History is littered with similar examples of the NCAA and their respective institutions punishing players for seeking compensation while schools and the college sports “nonprofit” governing body reaped in millions, the latter now bringing in more than $1 billion per year.
In 2010, USC star and 2005 Heisman Trophy winner Reggie Bush was found to have taken more than $250,000 in cash and gifts while playing in college. Afterward, the team’s wins were vacated and Bush was humiliatingly stripped of his trophies while USC saw millions infused annually in the school’s athletic coffers while he played for the team.
1995 NCAA champion and UCLA forward Ed O’Bannon was the lead plaintive in O’Bannon v. NCAA, the antitrust lawsuit regarding the NCAA’s licensing of college athletes’ likenesses to video games. His lawsuit arguably kicked off the series of lawsuits over the years that led us to the current settlement negotiations.
The 2014 ruling in O’Bannon’s favor (and Oscar Robertson, who joined the lawsuit later) served as the foundation for the passing of California’s Pay-to-Play Act in 2019, which allowed college athletes to sign endorsement deals and sponsorships while maintaining athletic NCAA eligibility.
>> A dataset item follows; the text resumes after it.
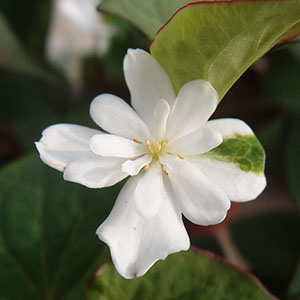 ドクダミ | オザキフラワーパーク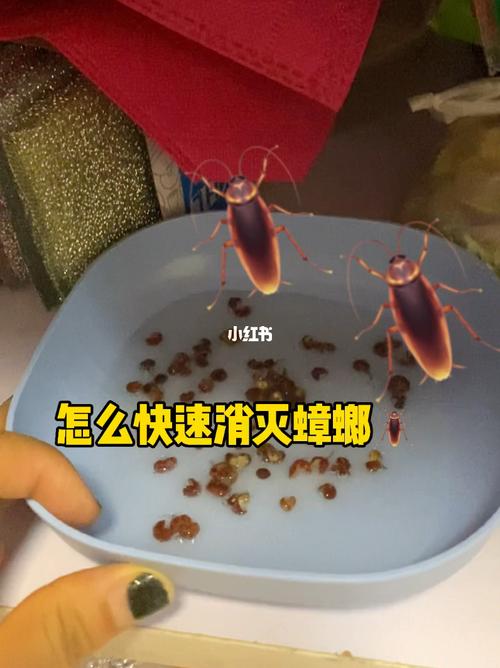 清除蟑螂最有效的方法？如何灭蟑螂最有效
As other states followed with similar bills, the NCAA had no choice but to amend their own policies to allow athletes to be compensated without penalty via NIL.
It was a policy they never intended to change.
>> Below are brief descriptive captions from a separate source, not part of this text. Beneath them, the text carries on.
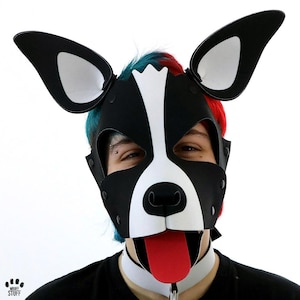 Black Benson Pup Hood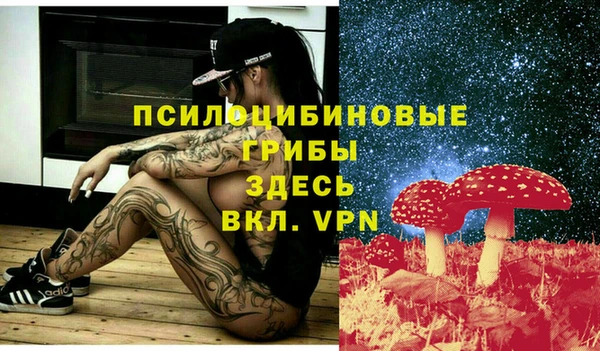 ПСИЛОЦИБИНОВЫЕ ГРИБЫ Арсеньев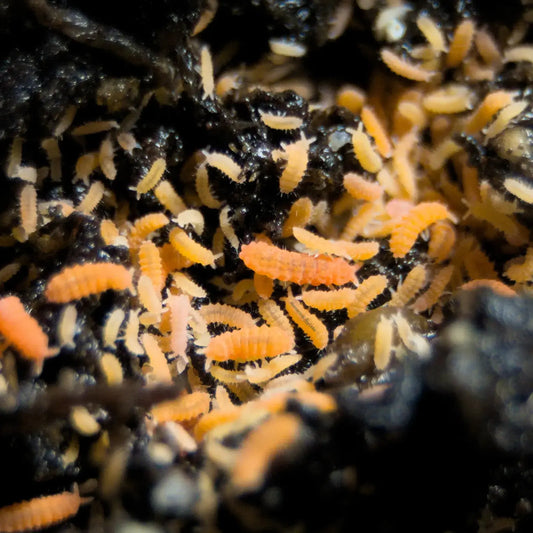 Orange Springtails on soil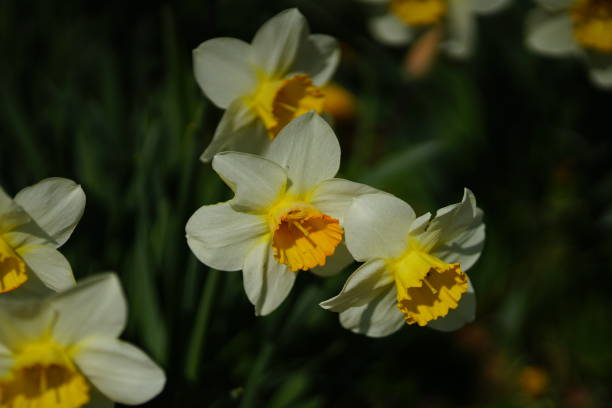 istock Group of yellow spring flowers 1221021433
So what’s next for the NCAA?
Paying players or allowing them to be paid or profit from the labor as athletes further blurs the line between student and employee. Some teams, like QB Kain Colter and the 2014 Northwestern football team, have tried unionization to force schools (and the NCAA) to recognize them as employees. Most recently, players on Dartmouth’s men’s basketball team voted 13-2 to unionize in March 2024. They are currently represented by Service Employees International Union (SEIU) Local 560, a union that advocates for many workers at Dartmouth, but the school refuses to recognize its new position.
While NCAA NIL policies and revenue-sharing suggest a new world order for college sports, those vacated wins, stunted programs, lost wages, tarnished careers and humiliating moments remain.
It’s still unclear how the $2.8 billion in damages will be split between former and current players, but it won’t come close to what they are likely owed in real dollars. And much like legislation legalizing marijuana, it cannot undo the disproportionate punishment Black people historically experienced nor undo the damage of 30 years of hoarding revenue while punishing any player compensated.
If the NCAA is willing to settle compensation lawsuits, then it owes public apologies to many people.
Without an antitrust provision in the settlement and because of the NCAA’s continued lobbying to ban student-athletes from being designated employees (and all the privileges that it entails) more lawsuits are likely to follow.
One thing is clear – as long as the money keeps flowing it will continue to make its way into player’s hands.
Players increasingly have control over their likeness via social media, many coming to college with a huge following before ever playing a game for their team. Star players like Angel Reese, Shedeur Sanders, and Caitlin Clark don’t need the NCAA as much as it needs them.
There is a new order developing in college sports. The NCAA better get on board or get left behind.